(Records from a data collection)

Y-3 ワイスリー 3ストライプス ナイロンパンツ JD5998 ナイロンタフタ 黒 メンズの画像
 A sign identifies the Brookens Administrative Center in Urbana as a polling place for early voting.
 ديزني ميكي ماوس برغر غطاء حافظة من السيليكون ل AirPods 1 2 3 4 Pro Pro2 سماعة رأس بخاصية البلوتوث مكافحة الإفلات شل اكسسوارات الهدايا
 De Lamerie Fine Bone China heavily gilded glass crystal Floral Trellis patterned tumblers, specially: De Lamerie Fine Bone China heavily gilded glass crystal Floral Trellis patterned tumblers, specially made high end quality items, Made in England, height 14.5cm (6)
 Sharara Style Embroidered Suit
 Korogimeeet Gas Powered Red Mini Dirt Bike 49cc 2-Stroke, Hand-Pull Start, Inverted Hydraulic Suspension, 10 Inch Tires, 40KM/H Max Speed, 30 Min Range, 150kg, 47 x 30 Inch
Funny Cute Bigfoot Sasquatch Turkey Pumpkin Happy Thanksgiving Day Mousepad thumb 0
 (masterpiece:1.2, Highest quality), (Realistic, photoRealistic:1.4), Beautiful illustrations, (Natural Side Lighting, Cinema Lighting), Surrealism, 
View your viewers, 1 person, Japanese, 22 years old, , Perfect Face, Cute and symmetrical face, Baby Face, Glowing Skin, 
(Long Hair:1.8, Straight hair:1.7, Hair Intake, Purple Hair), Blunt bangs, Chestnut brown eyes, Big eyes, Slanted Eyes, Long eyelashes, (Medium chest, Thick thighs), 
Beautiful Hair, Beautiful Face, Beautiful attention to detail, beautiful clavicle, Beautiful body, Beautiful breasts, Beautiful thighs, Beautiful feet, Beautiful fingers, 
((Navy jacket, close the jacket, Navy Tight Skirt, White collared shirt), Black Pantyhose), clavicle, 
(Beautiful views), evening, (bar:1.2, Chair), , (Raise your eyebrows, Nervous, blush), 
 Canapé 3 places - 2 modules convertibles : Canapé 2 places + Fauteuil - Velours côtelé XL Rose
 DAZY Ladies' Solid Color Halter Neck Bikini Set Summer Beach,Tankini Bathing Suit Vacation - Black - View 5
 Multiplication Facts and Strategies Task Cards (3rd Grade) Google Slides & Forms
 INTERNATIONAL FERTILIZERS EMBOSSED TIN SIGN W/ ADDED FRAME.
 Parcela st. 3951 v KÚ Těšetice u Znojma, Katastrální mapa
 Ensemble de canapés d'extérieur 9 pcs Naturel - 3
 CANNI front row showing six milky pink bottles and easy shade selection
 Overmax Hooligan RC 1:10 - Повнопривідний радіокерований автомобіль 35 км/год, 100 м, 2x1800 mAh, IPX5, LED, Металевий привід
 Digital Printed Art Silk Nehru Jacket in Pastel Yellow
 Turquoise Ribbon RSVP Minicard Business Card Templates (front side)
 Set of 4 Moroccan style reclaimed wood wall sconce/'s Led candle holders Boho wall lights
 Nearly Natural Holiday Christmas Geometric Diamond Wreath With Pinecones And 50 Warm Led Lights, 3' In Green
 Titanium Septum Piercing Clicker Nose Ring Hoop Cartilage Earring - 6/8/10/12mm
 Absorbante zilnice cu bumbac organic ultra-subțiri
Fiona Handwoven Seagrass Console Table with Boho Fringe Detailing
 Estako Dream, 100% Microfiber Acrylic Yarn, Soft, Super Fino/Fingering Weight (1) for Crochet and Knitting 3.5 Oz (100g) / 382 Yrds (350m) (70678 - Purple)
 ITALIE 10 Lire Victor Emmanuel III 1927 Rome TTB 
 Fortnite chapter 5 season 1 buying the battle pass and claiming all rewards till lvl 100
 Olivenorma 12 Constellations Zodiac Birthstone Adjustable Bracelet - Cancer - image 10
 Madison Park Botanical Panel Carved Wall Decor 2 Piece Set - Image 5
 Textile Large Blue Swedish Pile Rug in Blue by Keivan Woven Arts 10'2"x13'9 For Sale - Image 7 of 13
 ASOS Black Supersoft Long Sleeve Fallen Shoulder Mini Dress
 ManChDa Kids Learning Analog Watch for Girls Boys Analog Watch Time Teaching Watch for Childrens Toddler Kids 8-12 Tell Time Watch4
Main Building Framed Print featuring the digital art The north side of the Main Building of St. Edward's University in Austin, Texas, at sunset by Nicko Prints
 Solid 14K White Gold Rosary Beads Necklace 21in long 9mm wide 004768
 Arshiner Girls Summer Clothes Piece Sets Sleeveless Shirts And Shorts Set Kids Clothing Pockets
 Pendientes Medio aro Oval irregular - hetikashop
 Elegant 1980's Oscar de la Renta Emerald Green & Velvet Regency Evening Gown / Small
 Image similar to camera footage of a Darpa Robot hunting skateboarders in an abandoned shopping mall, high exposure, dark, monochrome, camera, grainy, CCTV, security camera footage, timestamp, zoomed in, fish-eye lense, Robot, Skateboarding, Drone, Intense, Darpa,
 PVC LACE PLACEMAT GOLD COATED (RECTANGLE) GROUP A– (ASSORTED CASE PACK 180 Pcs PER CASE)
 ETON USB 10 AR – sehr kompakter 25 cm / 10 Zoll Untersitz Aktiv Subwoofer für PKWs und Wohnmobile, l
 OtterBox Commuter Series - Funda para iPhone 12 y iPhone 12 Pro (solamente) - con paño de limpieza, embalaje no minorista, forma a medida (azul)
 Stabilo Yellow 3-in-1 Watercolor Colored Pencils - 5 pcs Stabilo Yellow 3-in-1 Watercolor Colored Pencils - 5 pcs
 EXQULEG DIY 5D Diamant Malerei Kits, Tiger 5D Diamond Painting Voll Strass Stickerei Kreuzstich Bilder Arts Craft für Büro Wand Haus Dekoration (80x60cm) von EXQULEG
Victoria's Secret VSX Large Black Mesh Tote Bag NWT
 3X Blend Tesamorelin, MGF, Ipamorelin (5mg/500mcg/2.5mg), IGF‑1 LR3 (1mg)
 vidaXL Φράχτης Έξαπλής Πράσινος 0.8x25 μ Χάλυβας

> **About this task**:
The answer must hold only the lines from the first line of the data through the line bearing "A sign identifies", returned exactly.

> **Solution below**:
Y-3 ワイスリー 3ストライプス ナイロンパンツ JD5998 ナイロンタフタ 黒 メンズの画像
 A sign identifies the Brookens Administrative Center in Urbana as a polling place for early voting.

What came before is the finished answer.